If one excepts this view of extended evolution then one immediate conclusion could be that some (especially northern) civilizations are prioritising the creation and maintenance of brain childs/machines over real childs/humans.

machines as power instrument

It is important to note that another big use for machines - apart from enhancing the means of survival and the thrive of humans - is the use as a power instrument. That is with the use of a “machine” a human can be more powerful than another. In particular weapons are “machines” which do not necessarily support the “fittest” human. In the discussion about survival of the fittest one would thus in particular rather need to compare human-machine hybrids and not the “survival of the fittest” among humans only.
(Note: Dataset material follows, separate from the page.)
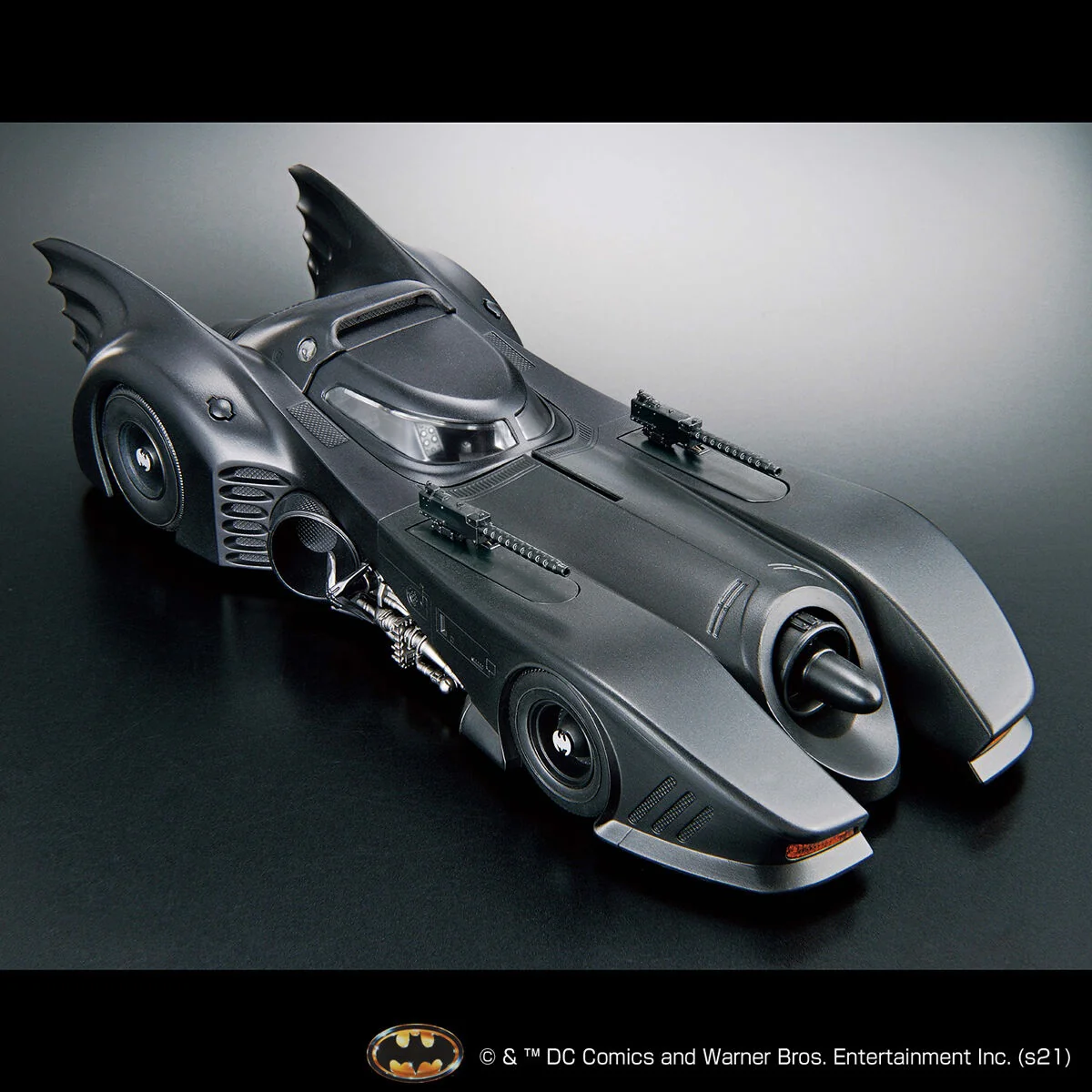 Bandai - 1/35 SCALE Batmobile 1989's (Batman Ver.) - Image 4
Many types of exchange may raise the power of a human versus another. Here again machines are often used as a medium. So in particular pistols may be seen as a medium for the exchange of bullets. This will be further discussed in the section “power and exchange”.

power and exchange

It was asserted in the previous sections that many types of exchange may raise the power of a human and in particular its power in comparision to another human or human-machine hybrid. In fact in some sense any type of exchange alters the power of a human versus other and the question is rather how much in which direction.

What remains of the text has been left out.